The study, carried out by Dr Brady and Professor Karen Matthews at the University of Pittsburgh, involved a group of 100 male undergraduates aged 18 to 21, asked to play either Grand Theft Auto III or The Simpsons: Hit and Run. In GTA the player took the role of a criminal and was instructed by the Mafia to beat up a drug dealer with a baseball bat. In The Simpsons: Hit and Run the player took on the role of Homer Simpson attempting to get his daughter's science project to school before it can be marked late.
The study claims that the men who have just played a violent game (GTA) are more likely to see others' attitudes towards them as hostile, smoke marijuana, and drink alcohol.

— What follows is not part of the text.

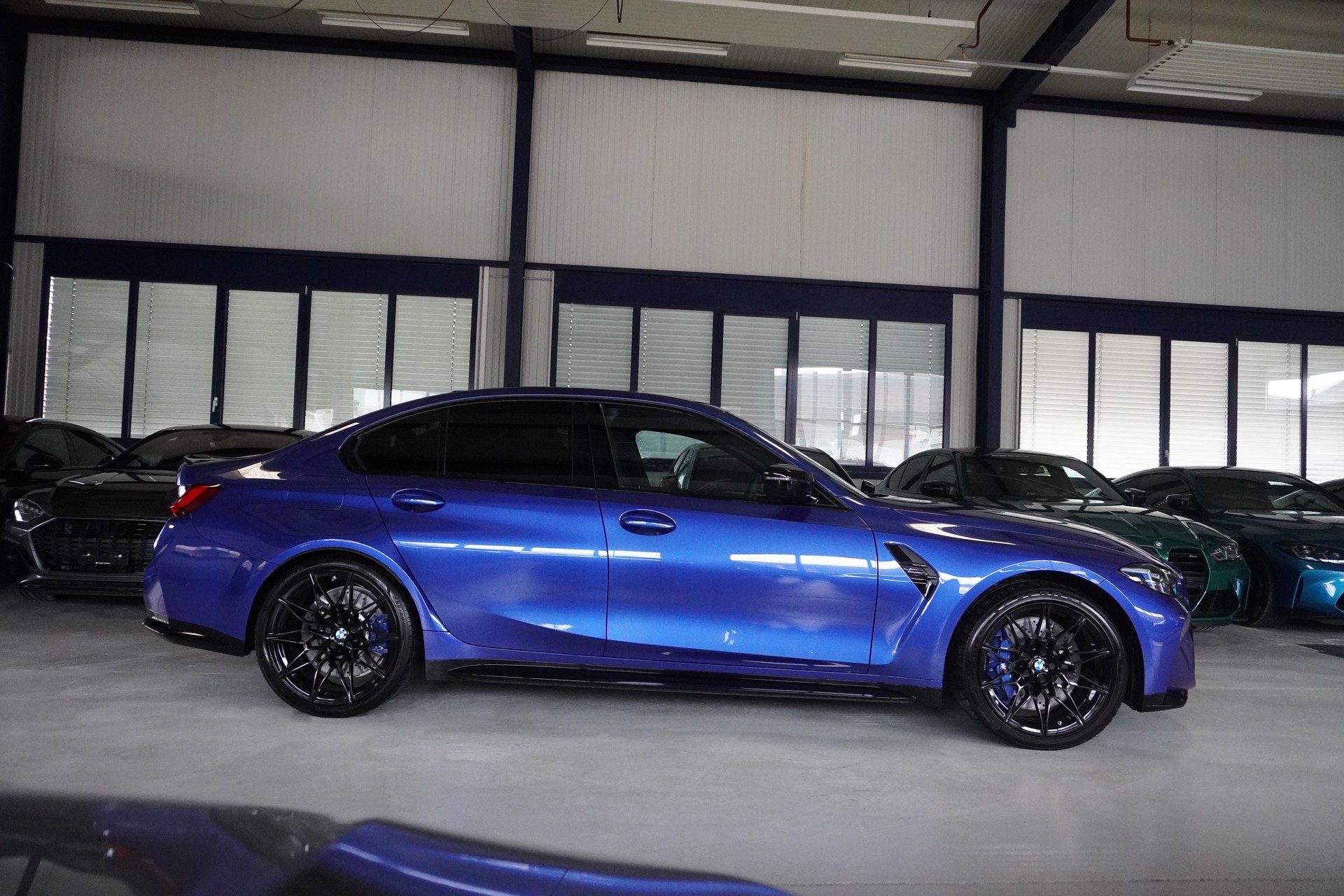 BMW M3 Competition M xDrive LCI // Werksgarantie bis 11/2027 //-image-4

"Parents have been told the message that violent video games and violent media in general can influence the likelihood that their kids will be aggressive," Dr. Sonya S. Brady told Reuters Health. "What this study suggests is that they might increase any type of risk-taking behaviour."
According to the report in the Archives of Pediatrics and Adolescent Medicine, playing a violent game caused young men's blood pressure to increase, and appeared to have a greater effect on those that came from violent homes or communities. No matter what background each male had, the researchers found that playing a violent game made the young men in the study less cooperative and more competitive in completing tasks with another person.
After playing one of the games, the males participating in the study were shown a scenario of a teacher telling his class that he suspects some students have cheated, but also that he is proud of those who did well. The teacher then asks a boy called Billy to stay behind after class so that he may speak with him. Participants were then asked to put themselves in Billy's position. When asked how likely it was that the teacher was going to accuse them of cheating, those participants who had been playing Grand Theft Auto were more likely think they would be accused.
The report is also one of the first to link violent games to behaviour other than violence, but will no doubt provide more ammunition to those against violent video games.